Tuesday, June 21, 2016

Paul Klee, L'Ironie à L'oeuvre @ Centre Pompidou

Paul Klee, Mai Bild, 1925
This  huge exhibition of Paul Klee, L’Ironie à L’oeuvre is the most calming exhibition I have been to in a long time. If you are in need of an end of the week de-stress, this is the top floor of the Pompidou Centre is the place to go. Rarely is modern art with its fragmentations and abstractions so quiet and gentle as it is on Paul Klee’s canvases.

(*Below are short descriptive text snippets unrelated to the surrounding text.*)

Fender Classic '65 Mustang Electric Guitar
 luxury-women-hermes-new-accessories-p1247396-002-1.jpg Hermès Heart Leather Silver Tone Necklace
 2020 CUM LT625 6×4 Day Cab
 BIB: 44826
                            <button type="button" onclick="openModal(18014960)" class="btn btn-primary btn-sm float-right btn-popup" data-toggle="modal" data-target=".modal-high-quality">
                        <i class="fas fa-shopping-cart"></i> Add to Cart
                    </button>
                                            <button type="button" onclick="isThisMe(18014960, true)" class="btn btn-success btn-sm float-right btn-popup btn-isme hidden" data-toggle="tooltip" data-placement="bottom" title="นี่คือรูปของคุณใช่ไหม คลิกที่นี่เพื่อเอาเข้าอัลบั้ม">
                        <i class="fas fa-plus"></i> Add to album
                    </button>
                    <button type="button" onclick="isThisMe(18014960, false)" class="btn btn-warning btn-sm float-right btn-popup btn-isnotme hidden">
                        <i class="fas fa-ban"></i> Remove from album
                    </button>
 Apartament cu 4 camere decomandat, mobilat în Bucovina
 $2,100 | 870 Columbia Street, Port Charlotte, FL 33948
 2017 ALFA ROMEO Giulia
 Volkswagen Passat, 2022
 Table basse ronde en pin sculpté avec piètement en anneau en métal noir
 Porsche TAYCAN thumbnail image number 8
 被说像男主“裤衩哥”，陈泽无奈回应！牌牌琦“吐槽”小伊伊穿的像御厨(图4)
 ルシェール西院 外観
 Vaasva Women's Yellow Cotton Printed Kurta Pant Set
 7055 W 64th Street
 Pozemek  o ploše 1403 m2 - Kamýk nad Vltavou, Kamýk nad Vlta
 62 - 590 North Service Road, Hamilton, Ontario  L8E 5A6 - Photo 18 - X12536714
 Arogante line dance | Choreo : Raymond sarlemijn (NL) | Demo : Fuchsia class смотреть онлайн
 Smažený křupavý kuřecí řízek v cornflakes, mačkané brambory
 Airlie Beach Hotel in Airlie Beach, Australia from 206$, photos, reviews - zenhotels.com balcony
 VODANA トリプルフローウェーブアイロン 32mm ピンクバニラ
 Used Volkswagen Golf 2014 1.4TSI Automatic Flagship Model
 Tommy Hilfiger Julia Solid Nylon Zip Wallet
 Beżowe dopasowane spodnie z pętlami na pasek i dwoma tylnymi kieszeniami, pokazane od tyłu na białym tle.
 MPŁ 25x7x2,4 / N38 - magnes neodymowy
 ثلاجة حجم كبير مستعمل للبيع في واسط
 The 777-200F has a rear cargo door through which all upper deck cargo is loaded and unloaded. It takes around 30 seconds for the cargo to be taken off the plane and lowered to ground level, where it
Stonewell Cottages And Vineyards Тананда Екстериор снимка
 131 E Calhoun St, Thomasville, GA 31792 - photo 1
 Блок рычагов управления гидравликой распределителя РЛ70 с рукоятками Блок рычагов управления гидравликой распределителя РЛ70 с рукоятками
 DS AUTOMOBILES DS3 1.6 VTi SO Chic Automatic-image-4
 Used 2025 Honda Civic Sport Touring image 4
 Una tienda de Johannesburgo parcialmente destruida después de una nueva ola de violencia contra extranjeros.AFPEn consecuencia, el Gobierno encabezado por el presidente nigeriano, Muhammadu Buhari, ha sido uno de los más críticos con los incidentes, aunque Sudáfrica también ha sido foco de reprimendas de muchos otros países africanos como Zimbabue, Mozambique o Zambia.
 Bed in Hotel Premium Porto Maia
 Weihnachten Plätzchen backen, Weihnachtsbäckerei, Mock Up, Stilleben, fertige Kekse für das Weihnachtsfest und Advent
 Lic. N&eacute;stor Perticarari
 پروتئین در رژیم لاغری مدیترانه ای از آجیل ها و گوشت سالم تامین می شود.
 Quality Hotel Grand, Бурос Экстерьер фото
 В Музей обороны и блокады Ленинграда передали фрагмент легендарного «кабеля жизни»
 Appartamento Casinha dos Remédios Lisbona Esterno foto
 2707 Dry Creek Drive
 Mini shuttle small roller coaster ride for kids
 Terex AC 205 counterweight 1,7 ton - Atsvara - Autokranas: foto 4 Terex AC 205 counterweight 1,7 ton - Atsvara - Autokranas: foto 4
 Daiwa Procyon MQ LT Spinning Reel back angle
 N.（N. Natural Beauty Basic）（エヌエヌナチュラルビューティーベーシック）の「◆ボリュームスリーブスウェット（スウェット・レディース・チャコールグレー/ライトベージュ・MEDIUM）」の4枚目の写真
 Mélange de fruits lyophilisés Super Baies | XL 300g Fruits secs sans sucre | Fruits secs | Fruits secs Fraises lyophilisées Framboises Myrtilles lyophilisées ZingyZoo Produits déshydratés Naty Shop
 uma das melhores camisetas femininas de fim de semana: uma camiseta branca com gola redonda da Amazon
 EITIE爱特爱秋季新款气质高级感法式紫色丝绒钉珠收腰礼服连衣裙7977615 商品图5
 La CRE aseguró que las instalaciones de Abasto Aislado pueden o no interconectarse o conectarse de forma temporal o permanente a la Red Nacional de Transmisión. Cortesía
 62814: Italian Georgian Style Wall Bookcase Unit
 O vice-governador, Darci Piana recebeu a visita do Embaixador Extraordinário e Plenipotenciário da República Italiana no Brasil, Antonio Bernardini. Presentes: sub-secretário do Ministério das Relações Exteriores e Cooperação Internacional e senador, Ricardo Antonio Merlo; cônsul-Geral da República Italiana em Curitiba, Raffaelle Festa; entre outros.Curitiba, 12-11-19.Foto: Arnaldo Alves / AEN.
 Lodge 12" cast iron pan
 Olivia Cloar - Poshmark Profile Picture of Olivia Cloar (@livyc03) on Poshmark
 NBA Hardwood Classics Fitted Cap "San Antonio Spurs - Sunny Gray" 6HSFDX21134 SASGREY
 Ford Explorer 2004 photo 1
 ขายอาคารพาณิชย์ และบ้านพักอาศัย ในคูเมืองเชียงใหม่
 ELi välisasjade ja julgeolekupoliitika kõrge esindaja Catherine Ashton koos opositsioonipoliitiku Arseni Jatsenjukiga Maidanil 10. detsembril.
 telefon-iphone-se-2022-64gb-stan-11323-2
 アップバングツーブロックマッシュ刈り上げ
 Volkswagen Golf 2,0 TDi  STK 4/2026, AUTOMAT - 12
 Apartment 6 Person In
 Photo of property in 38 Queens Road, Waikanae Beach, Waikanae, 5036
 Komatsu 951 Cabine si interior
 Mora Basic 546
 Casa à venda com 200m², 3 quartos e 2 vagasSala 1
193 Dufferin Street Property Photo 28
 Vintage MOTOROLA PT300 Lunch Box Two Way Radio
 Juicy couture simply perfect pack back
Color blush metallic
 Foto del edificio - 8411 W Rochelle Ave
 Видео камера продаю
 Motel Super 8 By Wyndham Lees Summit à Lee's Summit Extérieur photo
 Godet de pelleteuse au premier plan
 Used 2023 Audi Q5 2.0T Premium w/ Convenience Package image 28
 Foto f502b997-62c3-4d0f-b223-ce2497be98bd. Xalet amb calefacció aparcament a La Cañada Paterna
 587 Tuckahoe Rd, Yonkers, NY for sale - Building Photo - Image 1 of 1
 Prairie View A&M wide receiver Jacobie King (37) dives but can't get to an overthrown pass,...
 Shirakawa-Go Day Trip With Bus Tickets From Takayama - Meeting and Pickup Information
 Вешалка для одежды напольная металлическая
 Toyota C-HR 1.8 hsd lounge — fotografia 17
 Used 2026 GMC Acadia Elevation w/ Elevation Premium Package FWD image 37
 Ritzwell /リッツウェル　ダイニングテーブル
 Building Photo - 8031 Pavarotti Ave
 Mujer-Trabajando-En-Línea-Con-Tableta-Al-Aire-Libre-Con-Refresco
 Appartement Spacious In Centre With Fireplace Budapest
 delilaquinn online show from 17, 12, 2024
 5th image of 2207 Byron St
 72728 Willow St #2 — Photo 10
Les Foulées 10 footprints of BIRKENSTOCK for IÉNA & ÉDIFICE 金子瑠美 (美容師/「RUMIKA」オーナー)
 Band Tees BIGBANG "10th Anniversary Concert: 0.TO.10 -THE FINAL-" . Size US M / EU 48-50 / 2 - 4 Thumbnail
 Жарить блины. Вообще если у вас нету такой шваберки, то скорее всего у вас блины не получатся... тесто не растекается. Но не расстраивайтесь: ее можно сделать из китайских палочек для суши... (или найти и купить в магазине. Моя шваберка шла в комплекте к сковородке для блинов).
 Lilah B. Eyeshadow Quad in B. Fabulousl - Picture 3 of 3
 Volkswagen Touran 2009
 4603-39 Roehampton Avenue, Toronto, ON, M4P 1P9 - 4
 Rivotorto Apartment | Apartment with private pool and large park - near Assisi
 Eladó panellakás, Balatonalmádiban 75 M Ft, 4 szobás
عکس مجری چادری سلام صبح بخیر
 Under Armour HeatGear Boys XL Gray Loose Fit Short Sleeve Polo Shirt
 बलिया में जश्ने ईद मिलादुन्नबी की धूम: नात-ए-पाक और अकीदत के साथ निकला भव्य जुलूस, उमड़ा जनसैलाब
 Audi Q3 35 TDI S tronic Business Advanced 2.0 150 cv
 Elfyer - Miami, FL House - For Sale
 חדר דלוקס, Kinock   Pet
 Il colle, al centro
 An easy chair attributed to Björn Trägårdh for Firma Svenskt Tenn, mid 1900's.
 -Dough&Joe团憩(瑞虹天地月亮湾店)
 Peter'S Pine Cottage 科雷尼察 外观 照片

What I loved most was the fact that the paintings and drawings were often incredibly angry and ascerbic, and while filled with fragmentation and division, they are also yet executed with lightness and joy.  In form, the work is very delicate: each stroke and line is made of water colour, and they are painted often on cardboard or paper pasted onto cardboard to accentuate ephemerality. In these materials, there is a sense of transience to the works and, at times, it feels as though they are going to disintegrate soon, as though they will crumble in the hand if touched. Indeed, the Angelus Novus (1920) a work barely known in its time, but that was made so famous by Walter Benjamin's discussion of it as the Angel of History in his Theses on the Philosophy of history, is so fragile that it is put in a darkened room and will be returned to the lending gallery before the exhibition is over.    
 
Paul Klee, Comedian's Handbill, 1938
Every work and every series of works is filled with contradictions: the shapes and patterns are always geometrical, but not mathematical or precisely drawn. In other contradictions, the sense of the childlike - but not childish - that is everywhere in the air at the time Klee is painting, becomes merged with the mechanical, with the machines that are also beginning to appear everywhere in his historical moment. And Klee is also able to bring the lightness, joy and play together with the critique of war spawned by modernity in his midst. Indeed, there are many ironies here. 
 
Paul Klee, Highways and Byways, 1928
What’s also striking is the singularity of Klee’s work. Klee does something quite different from other painters of his time, though there are many references and resonances. It’s possible to identify his contemporaries in the geometricality, for example, the use of line in its contrast with shape and colour. There are also obvious references to work of Alexander Calder in the magic and game-like nature of what Klee depicts and the way his mind works. But then the colours used by Klee are always different from everyone else’s. And the aggression, or what I would call the male-ness of the images that is so prominent in his contemporaries, is absent from Klee’s painting. His images are small, delicate, and I want to say, they are feminine in their tenderness.
Angelus Novus Paul Klee
Paul Klee, Angelus Novus, 1920 

And yet, that said, the most compelling of Klee’s works are those produced side by side with cubism and constructivism. Though the latter can be seen in the works produced when he was in Egypt, a time that he was more interested in exploring the colours and textures of the desert. That is, it’s is of course ironic that the influences of the most contrived artistic forms appear in Klee’s paintings when he was closest to nature. I also wondered whether the paintings’ continual verging towards two-dimensionality in Klee’s later years a push to abstraction that mirrors the artistic response to outbreak of World War II, or is it his own individual search? Because of these apparently irreconcileable contradictions, while the exhibition is very calming and peaceful, we come away with a lot of questions and I, for one, was unsettled as well as restored.